GEORGE ELIOT’S ATTITUDE TOWARDS ARTISTS

George Eliot uses descriptive diction, and strong imagery and details in order to express his attitude towards artists. Many artists display “happy work” that may often produce smiles, rather than what’s underneath, which usually consists of no humor or cheerfulness. In this passage, Eliot uses imagery to portray peasants more realistically, but without being sad. This is where realism comes in because representing the truth is far more important than what society has made fictitious. Art should relate to life, and not all artists are responsibly showing this, because most of the time they think it’s something that should just make people feel better. Whether people agree or not, his opinion is very strongly stated.
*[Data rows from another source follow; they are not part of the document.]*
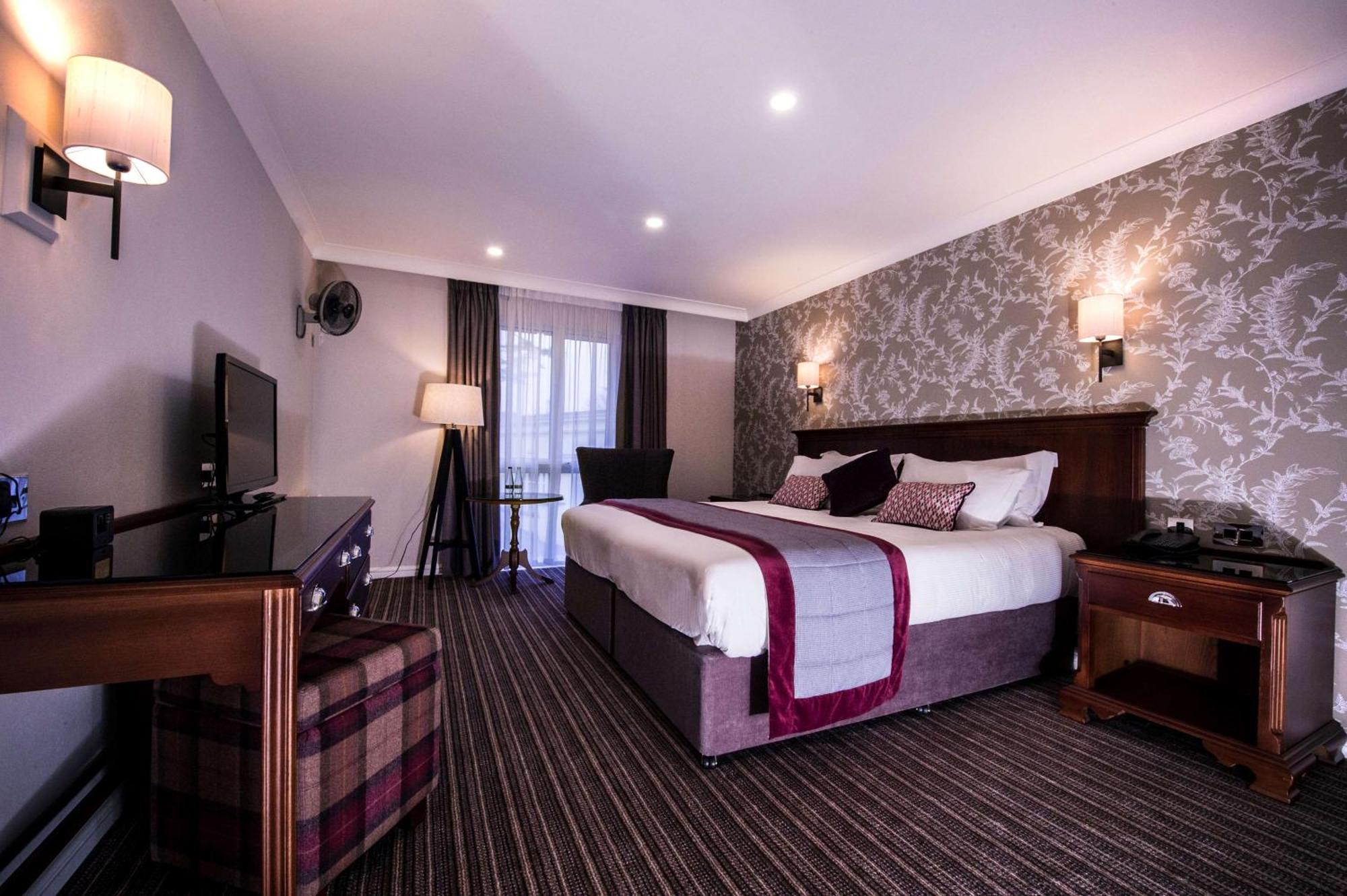 Doubletree By Hilton Cheltenham Esterno foto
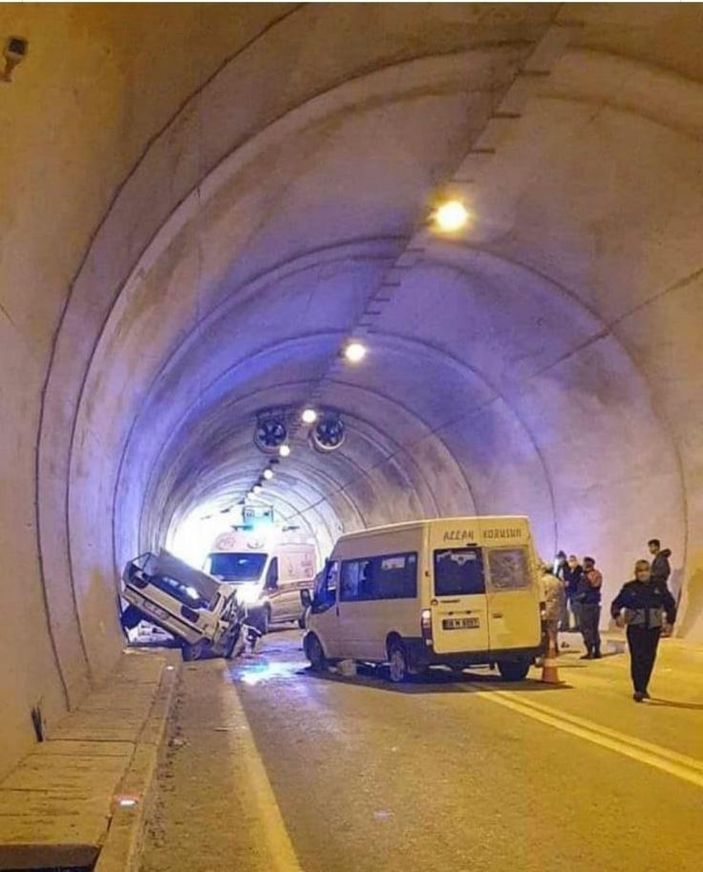 Artvin'de minibüs ile otomobil çarpıştı: 1 ölü, 4 yaralı -2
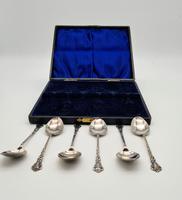 Six Silver Teaspoons (11 of 11) Six Silver Teaspoons (11 of 11)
The first line says that peasants are joyous, which automatically sets the tone. Soon after that he uses the description of round of sound teeth, which symbolizes jolly, happy people. I pick up that the writer uses terms like jocund, instead of cheerful, which again, shows his good diction. “Striped stockings, red waistcoat, and hat aside, who represents the traditional English peasant…” is something that I can clearly picture. He did a good job using imagery to describe the peasant, along with other people and things.

This writer holds a great responsibility on portraying his subjects correctly in order to represent the truth. If it is known that the piece is fictional, then the full truth obviously doesn’t need to be represented, however most of the time this artist is real. As generations progress, people may interpret art differently than those before or after them. An example of this would be the mural that got recently removed at the department of labor in Maine. It caused a catastrophe in our community because of the various opinions the public has.

Towards the end of his passage, he becomes more critical of the artists. If we misinterpret fashion, it’s not that big of a deal, however it is important that we recognize the humor and struggles of life.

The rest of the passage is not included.